Blick von der Kletterhütte auf den Kleinen Bockmattliturm (links) und den Namenlosen Turm, wo Einstieg und Gipfel von Kairos mit Pfeilen markiert sind. Die roten Punkte zeigen den ungefähren Zustiegsweg durch die Kleine Chälen an. Was hier "gar nicht ohne" aussieht, entpuppt sich vor Ort als problemlos begehbares Gelände.

In freudiger Erwartung rüstete ich mich mit dem Material zum Einbohren aus und eilte voller Motivation im Laufschritt mit Puls am Anschlag ein zweites Mal durch die Kleine Chälen hinauf zum Einstieg. Die Sonne hatte sich bereits hinter dem Horizont verabschiedet, als ich wieder in die Kletterfinken geschlüpft war. Doch es sollte noch reichen für einen vielversprechenden Start des Projekts: die ersten 25m gelangen mir, bis mich die einbrechende Dunkelheit um 21.50 Uhr an der weiteren Fortsetzung hinderte. Zügig machte ich mich aus dem Staub, bis zum Bikedepot bei der Schwarzenegg (22.20 Uhr) ging es noch ohne Stirnlampe, wenige Minuten später war ich nach einer Schussfahrt retour im Tal. Nachdem ich die Meriba im Rope Solo geklettert und auch die ersten 25m in diesem Stil eingebohrt hatte, rechnete ich damit, auch den Rest so anzugehen. Täglich schielte ich auf den Wetterbericht in der Hoffnung, zumindest einen abendlichen Abstecher ans Bockmattli machen zu können. Doch das war im Juni 2024 hoffnungslos, meist vereitelten Schauer oder Gewitter den Plan und wenn's einmal noch den Funken an Hoffnung gegeben hätte, standen mir weltliche Verpflichtungen im Wege.

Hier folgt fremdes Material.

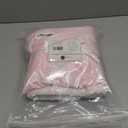 American Baby Company Heavenly Soft 1 Piece Chenille/ Receiving Blanket (30" x 35"), 3D Cloud Pink, for Boys and Girl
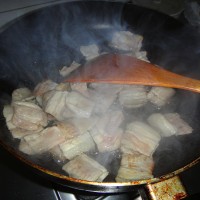妈妈最爱的味道—生爆盐煎肉的做法图解3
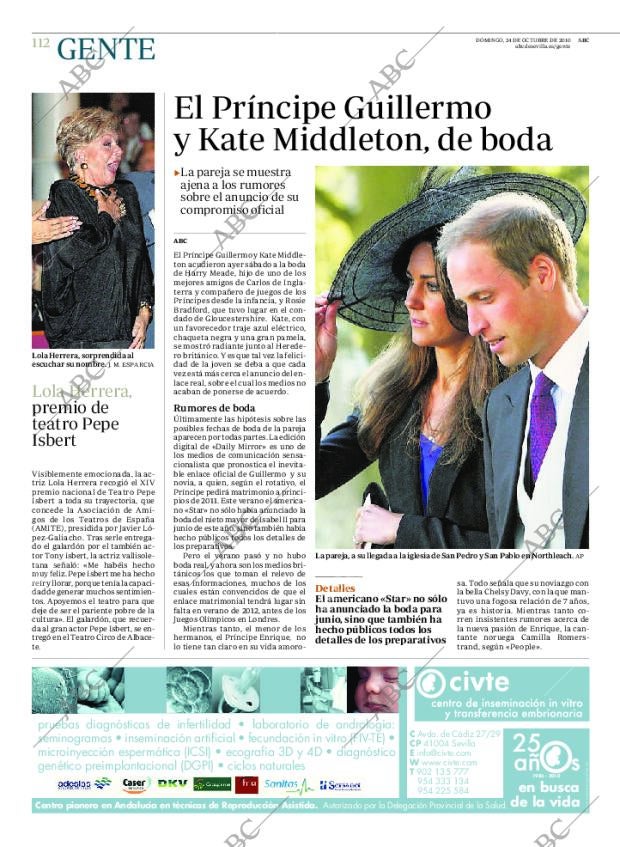 ABC SEVILLA 24-10-2010 página 112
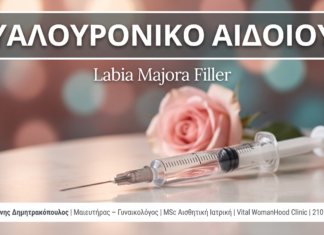 Υαλουρονικό Αιδοίου: Labia Majora Filler — Αύξηση & Αναγέννηση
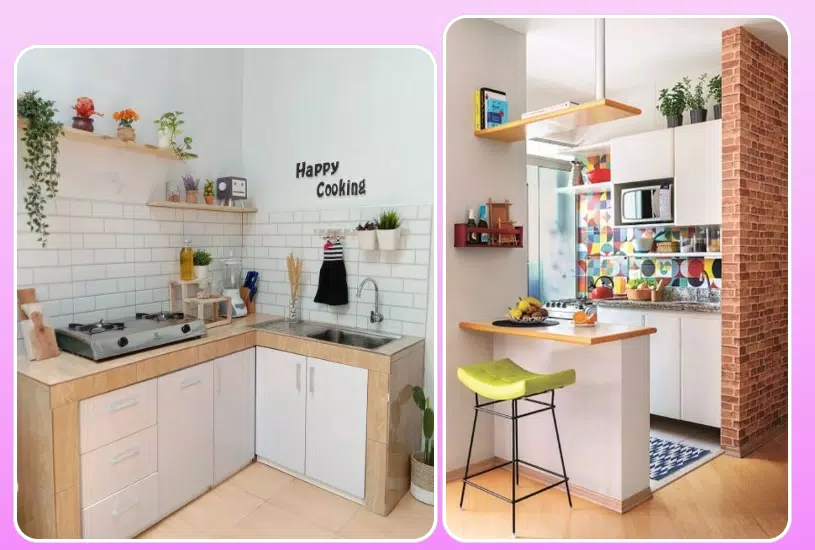 Minimalist Kitchen Design स्क्रीनशॉट 1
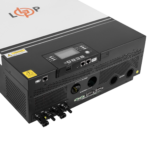 Гібридний сонячний інвертор (ДБЖ) LPW-HY-MAX-8000VA (8000Вт) 48V 80A MPPT 90-450V - Зображення 4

Es sieht gar nicht mal nach so viel Material und Gewicht aus... es täuscht!

Am 28.6.2024 hatte ich mich mit Guido für ein Erschliessungsabenteuer verabredet. Auch dafür hatten wir uns wegen dem instabilen Vorsommerwetter im 2024 schon lange Wochen gedulden müssen. Endlich kam ein stabil-trocken-warmer Tag, nun musste es klappen. Doch es war wie verhext: in unserer eigentlichen Zielregion hatte es entgegen aller Prognosen in der Nacht noch heftig gewittert und geschüttet. Nein, das machte absolut keinen Sinn, wir mussten umdisponieren. Nicht nur für den Leser dieses Bericht liegt es auf der Hand wohin, für mich war das im Moment genau so klar. Guido willigte ein und war von diesem Projekt genauso begeistert wie vom ursprünglichen. Auch mir machte es keine Schwierigkeiten, so kurzfristig umzudisponieren. Mit einem Partner schien es realistisch, in diesem Push gleich bis zum Gipfel zu kommen, das wollten wir auf jeden Fall probieren.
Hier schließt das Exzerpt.